## Provided data:

══════

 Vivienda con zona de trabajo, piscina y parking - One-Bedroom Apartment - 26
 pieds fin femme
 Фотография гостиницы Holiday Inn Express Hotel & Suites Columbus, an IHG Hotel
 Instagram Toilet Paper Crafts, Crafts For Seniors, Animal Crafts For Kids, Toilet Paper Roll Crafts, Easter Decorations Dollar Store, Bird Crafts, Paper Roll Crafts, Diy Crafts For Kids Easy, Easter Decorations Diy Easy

══════

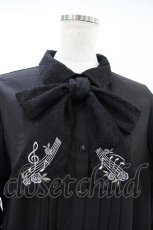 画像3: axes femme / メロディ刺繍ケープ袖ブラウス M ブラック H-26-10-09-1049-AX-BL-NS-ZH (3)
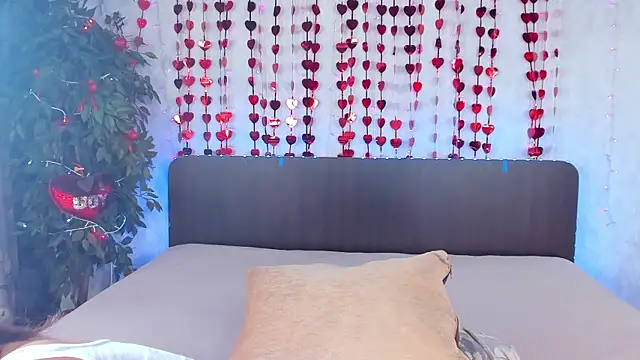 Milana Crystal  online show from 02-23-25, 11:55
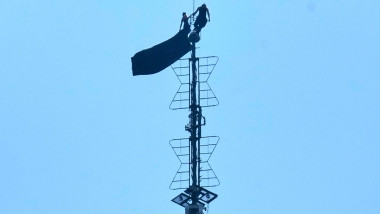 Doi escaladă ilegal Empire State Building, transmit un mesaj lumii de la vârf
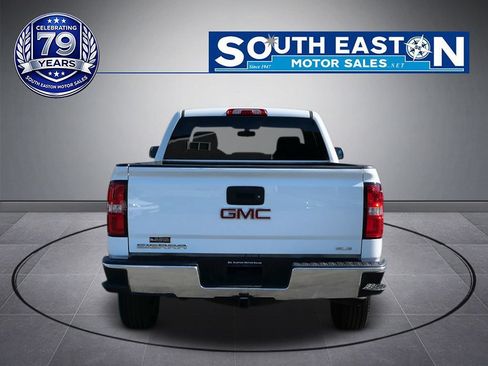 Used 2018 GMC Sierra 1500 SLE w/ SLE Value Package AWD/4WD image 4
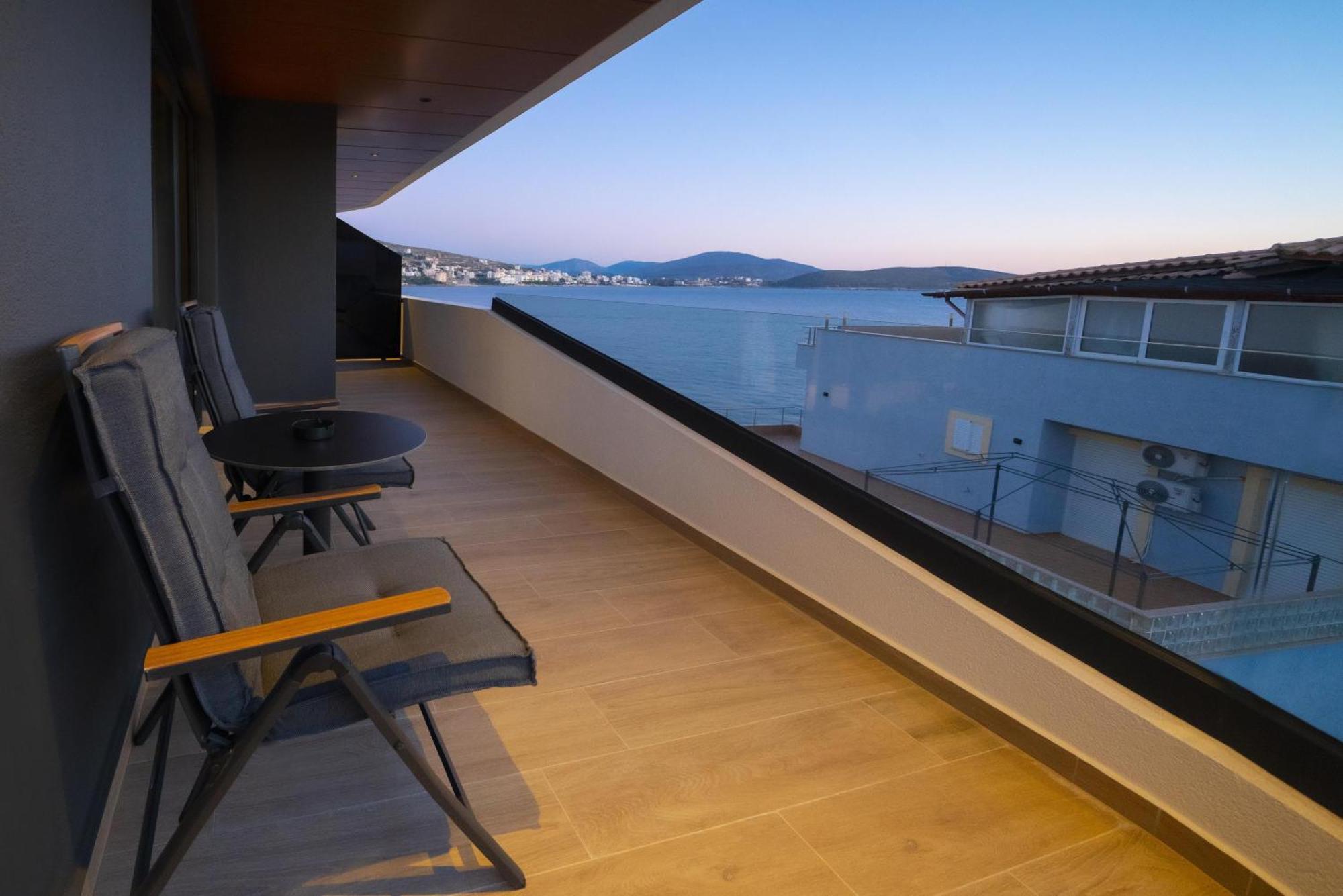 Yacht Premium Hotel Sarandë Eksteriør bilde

══════

## Directions for this task:
Reproduce the listing above from the line that holds "画像3: axes femme" through the line that holds "Yacht Premium Hotel Sarandë Eksteriør bilde", both included, with the pictures left out.

## Result:
 画像3: axes femme / メロディ刺繍ケープ袖ブラウス M ブラック H-26-10-09-1049-AX-BL-NS-ZH (3)
 Milana Crystal  online show from 02-23-25, 11:55
 Doi escaladă ilegal Empire State Building, transmit un mesaj lumii de la vârf
 Used 2018 GMC Sierra 1500 SLE w/ SLE Value Package AWD/4WD image 4
 Yacht Premium Hotel Sarandë Eksteriør bilde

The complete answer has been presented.